Here again, we fail to see a parallel between Landrigan and Smith's case. There was a structural difference between the ineffective assistance cases on which Landrigan relied and his case, in which he had prevented counsel from presenting mitigation evidence in court. The existing Supreme Court standards of ineffective assistance required tailoring or modification to apply to this new situation. No such adaptation of the Jackson standard is required in order to apply it to Smith's case, one of many that simply involves a failure of proof. For the same reasons that we find Smith's case to be unaffected by Musladin, we conclude that it also is unaffected by Landrigan.
Musladin also pointed out that, to be “determined by the Supreme Court” within the meaning of section 2254(d), the federal law in issue must be established by the holding, as opposed to dicta, of the Supreme Court's decision. Musladin, 127 S.Ct. at 653. “The Court's ‘holding,’ ” however, necessarily refers not only to the result reached, but also the rationale necessary to the reaching of that result. “When an opinion issues for the Court, it is not only the result but also those portions of the opinion necessary to that result by which we are bound.” Seminole Tribe of Florida v. Florida, 517 U.S. 44, 67, 116 S.Ct. 1114, 134 L.Ed.2d 252 (1996).

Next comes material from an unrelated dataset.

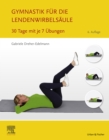 Image for Gymnastik Für Die Lendenwirbelsäule: 30 Tage Mit Je 7 Übungen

Although in Jackson the Supreme Court ultimately denied relief because the evidence had been sufficient, it reached that result only after settling on the constitutional standard to govern the decision of that question. That standard was that the evidence was sufficient if “any trier of fact could have found the essential elements of the crime beyond a reasonable doubt.” Jackson, 443 U.S. at 319, 99 S.Ct. 2781. That standard, adopted after much discussion, see id. at 313-319, 99 S.Ct. 2781, was the sole means by which the result was reached. It was not dictum, and to our knowledge has never been treated as dictum. Indeed, the State does not claim it to be dictum in its briefing. Similarly, in Musladin, the Supreme Court did not treat the rules of Williams and Flynn as dicta, even though in both those cases habeas relief had been denied. We have no difficulty, therefore, in concluding that the constitutional standard announced in Jackson qualifies as holding, and not dictum, for purposes of section 2254(d)(1).
We conclude, therefore, that our earlier opinion and decision, which held the state court's affirmance of Smith's conviction to be an unreasonable application of Jackson, is unaffected by Musladin. We therefore reinstate our earlier judgment and opinion, as reported at 437 F.3d 884.
OPINION AND JUDGMENT REINSTATED.
1. Section 2254 was amended to its present form by the Antiterrorism and Effective Death Penalty Act (“AEDPA”), Pub.L. No. 104-132 (1996).
2. The requirement is different under one scenario of the “contrary to” prong of section 2254(d)(1). A state-court decision is “contrary to” a Supreme Court decision when the state court “confronts a set of facts that are materially indistinguishable from a decision of[the Supreme Court] and nevertheless arrives at a result different from[the Supreme Court's] precedent.” Williams v. Taylor, 529 U.S. 362, 406, 120 S.Ct. 1495, 146 L.Ed.2d 389 (2000). The facts need not be materially indistinguishable, however, for a grant of habeas relief under the “unreasonable application” prong of section 2254(d)(1). See id. at 407-08, 120 S.Ct. 1495.